Die Reste des früheren Stettiner Bahnhofs, den die DDR abreißen ließ, lagen in Mauerzeiten im Grenzgebiet. Heute halten hier, am Nordbahnhof (4), die S-Bahn-Linien S1, S2 und S25. Im Zwischengeschoss gibt es eine sehenswerte Ausstellung über „Geisterbahnhöfe“.

Ein Spielplatz
In Mauerzeiten ein unzugängliches Bahngelände, bietet sich der Park am Nordbahnhof (5) für eine Pause an – oder für ein kleines Abenteuer. Der Kletterpark Mount Mitte mit Beachbar ist Montag bis Freitag ab 14 Uhr; Samstag und Sonntag ab 10 Uhr geöffnet. Beachvolleyball-Felder können unter Tel. 0177-280 68 61 reserviert werden.

Die Route führt weiter in Richtung Westen, die Bernauer Straße wird erst zur Julie-Wolfthorn-Straße, dann zur Zinnowitzer Straße. Man erreicht die Ecke Chausseestraße und geht für etwa 100 Meter nach links bis zur Invalidenstraße. An dieser Stelle an der Ampel die Chausseestraße überqueren und weiter in Richtung Westen gehen.

Ein Park
Das Museum für Naturkunde (5) in der Invalidenstraße 43 ist eine wissenschaftliche Schatzkammer. Ein Besuch ist sehr zu empfehlen. Hier gibt es viel zu bestaunen Kinder wie Erwachsene können eine Menge lernen. Öffnungszeiten: Dienstag bis Freitag, 9.30 bis 18 Uhr, Samstag, Sonntag 10 bis 18 Uhr, Montag geschlossen. Preise: Erwachsene: 6, ermäßigt 3,50 Euro.

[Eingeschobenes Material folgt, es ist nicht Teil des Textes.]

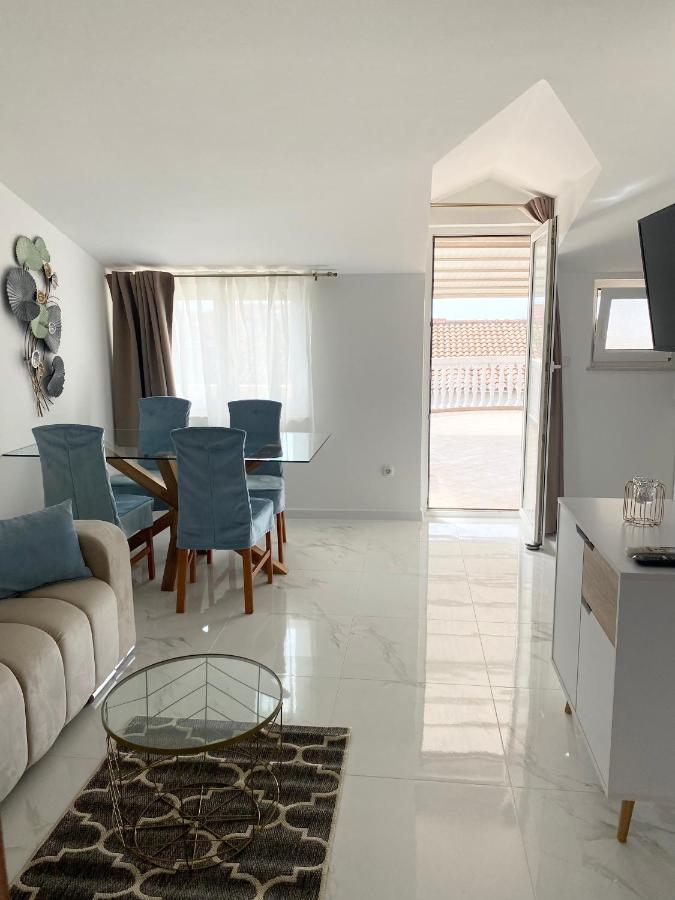 Azul Vodice Apartamento Exterior foto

Weiter geht es vorbei am Bundesministerium für Verkehr und digitale Infrastruktur und am Invalidenpark (6) mit seinem großen Wasserbecken nach rechts. An der Habersaathstraße beginnt der idyllische Südpanke Park (7), dem man bis zum Ende folgt. Auf der rechten Seite des Parks ist hinter hohen Mauern das neue Hauptquartier des Bundesnachrichtendienstes (8) zu sehen.

Ein Ruheort
Wendet man sich nach links, gelangt man nach etwa 200 Metern auf den Invalidenfriedhof (9). Wer ihn durchquert, gelangt an der Rückseite zur nach der Wende angelegten Promenade (10) entlang des Berlin-Spandauer Schifffahrtkanals. So führt der Weg zurück zur Invalidenstraße, von dort nach rechts und vor den früheren Hamburger Bahnhof (11), jetzt das „Museum für Gegenwart“. Öffnungszeiten: Dienstag bis Freitag 10 bis 18, Samstag, Sonntag 11 bis 18 Uhr.

Ziel
Die Tour endet am Hauptbahnhof (12). Hier bestehen Anschlüsse zu S- und U-Bahn, den Bahn-Verkehr sowie Bus und Tram.